- Information
━━━

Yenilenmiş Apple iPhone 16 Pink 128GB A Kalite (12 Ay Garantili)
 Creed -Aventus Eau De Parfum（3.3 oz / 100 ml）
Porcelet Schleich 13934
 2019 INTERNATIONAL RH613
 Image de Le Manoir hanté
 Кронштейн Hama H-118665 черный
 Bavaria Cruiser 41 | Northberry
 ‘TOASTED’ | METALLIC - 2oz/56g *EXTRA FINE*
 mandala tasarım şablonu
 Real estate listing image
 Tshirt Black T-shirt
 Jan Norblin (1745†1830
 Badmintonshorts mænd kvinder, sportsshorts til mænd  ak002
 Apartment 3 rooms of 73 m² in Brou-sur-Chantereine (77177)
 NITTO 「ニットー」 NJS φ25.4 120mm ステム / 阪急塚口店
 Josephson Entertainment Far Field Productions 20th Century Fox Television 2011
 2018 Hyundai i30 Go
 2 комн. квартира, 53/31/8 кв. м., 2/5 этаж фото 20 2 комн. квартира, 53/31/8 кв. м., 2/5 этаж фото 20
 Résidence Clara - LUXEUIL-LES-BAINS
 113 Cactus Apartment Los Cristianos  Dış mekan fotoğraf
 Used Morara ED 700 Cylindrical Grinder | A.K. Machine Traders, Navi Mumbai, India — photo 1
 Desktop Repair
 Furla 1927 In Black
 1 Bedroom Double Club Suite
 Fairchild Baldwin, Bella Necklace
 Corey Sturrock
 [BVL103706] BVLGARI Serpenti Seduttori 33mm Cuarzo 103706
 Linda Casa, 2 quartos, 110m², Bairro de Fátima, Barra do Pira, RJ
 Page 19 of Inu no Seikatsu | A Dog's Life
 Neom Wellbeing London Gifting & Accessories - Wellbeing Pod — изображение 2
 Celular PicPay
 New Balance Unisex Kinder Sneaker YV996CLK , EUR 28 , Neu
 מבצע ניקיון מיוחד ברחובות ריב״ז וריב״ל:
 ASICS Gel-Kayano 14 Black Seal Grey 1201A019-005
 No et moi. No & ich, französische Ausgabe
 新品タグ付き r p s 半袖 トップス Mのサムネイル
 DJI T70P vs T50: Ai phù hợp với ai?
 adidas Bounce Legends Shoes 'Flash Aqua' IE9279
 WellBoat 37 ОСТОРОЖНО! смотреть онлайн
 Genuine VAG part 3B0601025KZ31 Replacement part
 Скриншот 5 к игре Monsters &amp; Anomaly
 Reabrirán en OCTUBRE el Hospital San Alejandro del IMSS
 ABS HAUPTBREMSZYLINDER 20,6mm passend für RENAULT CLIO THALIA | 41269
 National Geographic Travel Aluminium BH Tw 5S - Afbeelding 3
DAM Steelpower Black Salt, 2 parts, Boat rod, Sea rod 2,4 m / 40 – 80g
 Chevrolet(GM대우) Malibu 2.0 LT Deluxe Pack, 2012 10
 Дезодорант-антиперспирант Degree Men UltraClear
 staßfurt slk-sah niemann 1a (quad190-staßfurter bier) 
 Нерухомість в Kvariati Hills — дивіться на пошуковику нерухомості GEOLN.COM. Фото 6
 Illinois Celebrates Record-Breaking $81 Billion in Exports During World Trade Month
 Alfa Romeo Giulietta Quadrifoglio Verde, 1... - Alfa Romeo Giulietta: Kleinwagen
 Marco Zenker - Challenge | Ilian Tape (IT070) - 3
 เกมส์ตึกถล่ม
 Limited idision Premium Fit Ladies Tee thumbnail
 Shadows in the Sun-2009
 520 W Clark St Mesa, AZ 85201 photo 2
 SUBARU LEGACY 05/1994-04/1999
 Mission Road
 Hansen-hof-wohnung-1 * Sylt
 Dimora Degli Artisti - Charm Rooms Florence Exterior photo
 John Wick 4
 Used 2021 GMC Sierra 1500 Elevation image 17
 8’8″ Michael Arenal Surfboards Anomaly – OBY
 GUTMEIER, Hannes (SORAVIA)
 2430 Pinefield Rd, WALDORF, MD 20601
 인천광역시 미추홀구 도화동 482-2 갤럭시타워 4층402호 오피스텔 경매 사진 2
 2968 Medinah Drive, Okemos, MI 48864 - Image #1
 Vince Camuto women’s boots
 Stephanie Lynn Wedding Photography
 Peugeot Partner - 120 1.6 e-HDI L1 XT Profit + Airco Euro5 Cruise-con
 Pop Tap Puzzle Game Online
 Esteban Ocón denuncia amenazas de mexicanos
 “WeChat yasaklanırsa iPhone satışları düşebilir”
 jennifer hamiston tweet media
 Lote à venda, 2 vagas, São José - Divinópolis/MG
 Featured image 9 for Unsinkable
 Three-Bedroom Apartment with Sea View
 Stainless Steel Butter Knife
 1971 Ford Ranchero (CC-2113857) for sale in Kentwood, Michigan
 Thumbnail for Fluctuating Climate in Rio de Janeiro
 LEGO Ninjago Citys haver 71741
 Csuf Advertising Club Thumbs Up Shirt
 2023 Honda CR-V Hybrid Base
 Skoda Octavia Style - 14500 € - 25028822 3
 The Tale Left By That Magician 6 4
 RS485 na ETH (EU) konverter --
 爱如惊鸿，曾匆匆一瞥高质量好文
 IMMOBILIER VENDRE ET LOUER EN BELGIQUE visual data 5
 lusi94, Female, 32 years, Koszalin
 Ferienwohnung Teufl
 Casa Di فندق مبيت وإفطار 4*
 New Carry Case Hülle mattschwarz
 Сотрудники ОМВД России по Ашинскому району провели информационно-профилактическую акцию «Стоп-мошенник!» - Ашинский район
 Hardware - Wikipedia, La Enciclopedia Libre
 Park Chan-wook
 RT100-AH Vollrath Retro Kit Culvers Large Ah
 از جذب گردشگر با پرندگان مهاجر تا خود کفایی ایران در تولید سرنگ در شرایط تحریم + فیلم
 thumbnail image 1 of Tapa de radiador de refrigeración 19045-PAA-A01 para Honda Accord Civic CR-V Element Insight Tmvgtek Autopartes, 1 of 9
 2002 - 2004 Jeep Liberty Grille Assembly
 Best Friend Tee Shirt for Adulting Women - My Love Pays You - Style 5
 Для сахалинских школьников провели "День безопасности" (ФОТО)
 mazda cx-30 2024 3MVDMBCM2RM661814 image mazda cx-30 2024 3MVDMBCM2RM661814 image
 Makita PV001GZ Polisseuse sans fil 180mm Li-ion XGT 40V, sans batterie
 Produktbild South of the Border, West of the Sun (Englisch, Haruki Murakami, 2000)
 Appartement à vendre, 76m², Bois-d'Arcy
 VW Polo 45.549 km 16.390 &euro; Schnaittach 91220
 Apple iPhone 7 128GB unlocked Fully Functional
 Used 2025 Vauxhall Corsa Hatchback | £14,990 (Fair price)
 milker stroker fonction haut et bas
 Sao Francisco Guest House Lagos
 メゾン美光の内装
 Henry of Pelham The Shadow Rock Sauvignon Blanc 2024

━━━

- Assignment
Retype every record above exactly as written.

- Expected answer
Yenilenmiş Apple iPhone 16 Pink 128GB A Kalite (12 Ay Garantili)
 Creed -Aventus Eau De Parfum（3.3 oz / 100 ml）
Porcelet Schleich 13934
 2019 INTERNATIONAL RH613
 Image de Le Manoir hanté
 Кронштейн Hama H-118665 черный
 Bavaria Cruiser 41 | Northberry
 ‘TOASTED’ | METALLIC - 2oz/56g *EXTRA FINE*
 mandala tasarım şablonu
 Real estate listing image
 Tshirt Black T-shirt
 Jan Norblin (1745†1830
 Badmintonshorts mænd kvinder, sportsshorts til mænd  ak002
 Apartment 3 rooms of 73 m² in Brou-sur-Chantereine (77177)
 NITTO 「ニットー」 NJS φ25.4 120mm ステム / 阪急塚口店
 Josephson Entertainment Far Field Productions 20th Century Fox Television 2011
 2018 Hyundai i30 Go
 2 комн. квартира, 53/31/8 кв. м., 2/5 этаж фото 20 2 комн. квартира, 53/31/8 кв. м., 2/5 этаж фото 20
 Résidence Clara - LUXEUIL-LES-BAINS
 113 Cactus Apartment Los Cristianos  Dış mekan fotoğraf
 Used Morara ED 700 Cylindrical Grinder | A.K. Machine Traders, Navi Mumbai, India — photo 1
 Desktop Repair
 Furla 1927 In Black
 1 Bedroom Double Club Suite
 Fairchild Baldwin, Bella Necklace
 Corey Sturrock
 [BVL103706] BVLGARI Serpenti Seduttori 33mm Cuarzo 103706
 Linda Casa, 2 quartos, 110m², Bairro de Fátima, Barra do Pira, RJ
 Page 19 of Inu no Seikatsu | A Dog's Life
 Neom Wellbeing London Gifting & Accessories - Wellbeing Pod — изображение 2
 Celular PicPay
 New Balance Unisex Kinder Sneaker YV996CLK , EUR 28 , Neu
 מבצע ניקיון מיוחד ברחובות ריב״ז וריב״ל:
 ASICS Gel-Kayano 14 Black Seal Grey 1201A019-005
 No et moi. No & ich, französische Ausgabe
 新品タグ付き r p s 半袖 トップス Mのサムネイル
 DJI T70P vs T50: Ai phù hợp với ai?
 adidas Bounce Legends Shoes 'Flash Aqua' IE9279
 WellBoat 37 ОСТОРОЖНО! смотреть онлайн
 Genuine VAG part 3B0601025KZ31 Replacement part
 Скриншот 5 к игре Monsters &amp; Anomaly
 Reabrirán en OCTUBRE el Hospital San Alejandro del IMSS
 ABS HAUPTBREMSZYLINDER 20,6mm passend für RENAULT CLIO THALIA | 41269
 National Geographic Travel Aluminium BH Tw 5S - Afbeelding 3
DAM Steelpower Black Salt, 2 parts, Boat rod, Sea rod 2,4 m / 40 – 80g
 Chevrolet(GM대우) Malibu 2.0 LT Deluxe Pack, 2012 10
 Дезодорант-антиперспирант Degree Men UltraClear
 staßfurt slk-sah niemann 1a (quad190-staßfurter bier) 
 Нерухомість в Kvariati Hills — дивіться на пошуковику нерухомості GEOLN.COM. Фото 6
 Illinois Celebrates Record-Breaking $81 Billion in Exports During World Trade Month
 Alfa Romeo Giulietta Quadrifoglio Verde, 1... - Alfa Romeo Giulietta: Kleinwagen
 Marco Zenker - Challenge | Ilian Tape (IT070) - 3
 เกมส์ตึกถล่ม
 Limited idision Premium Fit Ladies Tee thumbnail
 Shadows in the Sun-2009
 520 W Clark St Mesa, AZ 85201 photo 2
 SUBARU LEGACY 05/1994-04/1999
 Mission Road
 Hansen-hof-wohnung-1 * Sylt
 Dimora Degli Artisti - Charm Rooms Florence Exterior photo
 John Wick 4
 Used 2021 GMC Sierra 1500 Elevation image 17
 8’8″ Michael Arenal Surfboards Anomaly – OBY
 GUTMEIER, Hannes (SORAVIA)
 2430 Pinefield Rd, WALDORF, MD 20601
 인천광역시 미추홀구 도화동 482-2 갤럭시타워 4층402호 오피스텔 경매 사진 2
 2968 Medinah Drive, Okemos, MI 48864 - Image #1
 Vince Camuto women’s boots
 Stephanie Lynn Wedding Photography
 Peugeot Partner - 120 1.6 e-HDI L1 XT Profit + Airco Euro5 Cruise-con
 Pop Tap Puzzle Game Online
 Esteban Ocón denuncia amenazas de mexicanos
 “WeChat yasaklanırsa iPhone satışları düşebilir”
 jennifer hamiston tweet media
 Lote à venda, 2 vagas, São José - Divinópolis/MG
 Featured image 9 for Unsinkable
 Three-Bedroom Apartment with Sea View
 Stainless Steel Butter Knife
 1971 Ford Ranchero (CC-2113857) for sale in Kentwood, Michigan
 Thumbnail for Fluctuating Climate in Rio de Janeiro
 LEGO Ninjago Citys haver 71741
 Csuf Advertising Club Thumbs Up Shirt
 2023 Honda CR-V Hybrid Base
 Skoda Octavia Style - 14500 € - 25028822 3
 The Tale Left By That Magician 6 4
 RS485 na ETH (EU) konverter --
 爱如惊鸿，曾匆匆一瞥高质量好文
 IMMOBILIER VENDRE ET LOUER EN BELGIQUE visual data 5
 lusi94, Female, 32 years, Koszalin
 Ferienwohnung Teufl
 Casa Di فندق مبيت وإفطار 4*
 New Carry Case Hülle mattschwarz
 Сотрудники ОМВД России по Ашинскому району провели информационно-профилактическую акцию «Стоп-мошенник!» - Ашинский район
 Hardware - Wikipedia, La Enciclopedia Libre
 Park Chan-wook
 RT100-AH Vollrath Retro Kit Culvers Large Ah
 از جذب گردشگر با پرندگان مهاجر تا خود کفایی ایران در تولید سرنگ در شرایط تحریم + فیلم
 thumbnail image 1 of Tapa de radiador de refrigeración 19045-PAA-A01 para Honda Accord Civic CR-V Element Insight Tmvgtek Autopartes, 1 of 9
 2002 - 2004 Jeep Liberty Grille Assembly
 Best Friend Tee Shirt for Adulting Women - My Love Pays You - Style 5
 Для сахалинских школьников провели "День безопасности" (ФОТО)
 mazda cx-30 2024 3MVDMBCM2RM661814 image mazda cx-30 2024 3MVDMBCM2RM661814 image
 Makita PV001GZ Polisseuse sans fil 180mm Li-ion XGT 40V, sans batterie
 Produktbild South of the Border, West of the Sun (Englisch, Haruki Murakami, 2000)
 Appartement à vendre, 76m², Bois-d'Arcy
 VW Polo 45.549 km 16.390 &euro; Schnaittach 91220
 Apple iPhone 7 128GB unlocked Fully Functional
 Used 2025 Vauxhall Corsa Hatchback | £14,990 (Fair price)
 milker stroker fonction haut et bas
 Sao Francisco Guest House Lagos
 メゾン美光の内装
 Henry of Pelham The Shadow Rock Sauvignon Blanc 2024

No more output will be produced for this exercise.